I like the SO3 a lot but the lab is not ready for an open design…

My worried is actually the 10k rpm… i thought it was a bit slow for foam finish and for PCBs but it seems I am wrong.

Thanks a lot for the info!

z probing requires software other then the standard Carbide3D sender. It has been discussed in a few threads over the last few years, and @WillAdams mentioned bCNC as an option. IIRC, the GRBL control board does provide support. Tool length probing is built in, and quite repeatable.

An SO3 is a Shapoko 3. It is a larger machine, is a kit, allows the use of arbitrary spindles (the design intent is one of several trim routers, and higher power/precision spindles can be obtained). It uses belts, rollers, and vee rails, so the accuracy is a lower than Nomad (but can be quite good… figure 0.05mm or better repeatability for the Nomad and maybe 0.2 or 0.3 for the SO3, 0.15mm absolute accuracy for the Nomad, maybe 0.5mm for the SO3). The footprint is larger.

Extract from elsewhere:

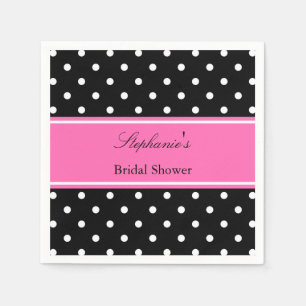 Weißes Schwarz, Hot Pink Polka Dot Brautparty Serviette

*** opinions follow, for which no money changed hands. Ranting may be embedded ***

In my opinion, the Nomad is a better machine for PCB’s, the SO3 is is a better choice if you need a large footprint for general milling, the SO3 for speed (due to the higher power spindle), and the Nomad for precision and repeatability with smaller milling jobs.

Looking at the other machines in the price range (<$US3K-ish), there doesn’t seem to be much t compete with the Nomad for precision, and in it’s price range, the SO3’s are at least as good as the competitors. THere are a lot of import machines, and having seen a few in the wild, they do not begin to compete. I ran across one about a year ago that played the game of naming compatibility with someone else’s software (no names here, but it was not C3D’s software. I wouldn’t be surprised if there were imports that did claim that, though) that apparently was… incorrect. Similar to the knockoff Saleae logic analyzers that don’t actually perform in practice (got stuck with one at work. Then we bought the real deal to get some work done as the knockoff didn’t meet spec).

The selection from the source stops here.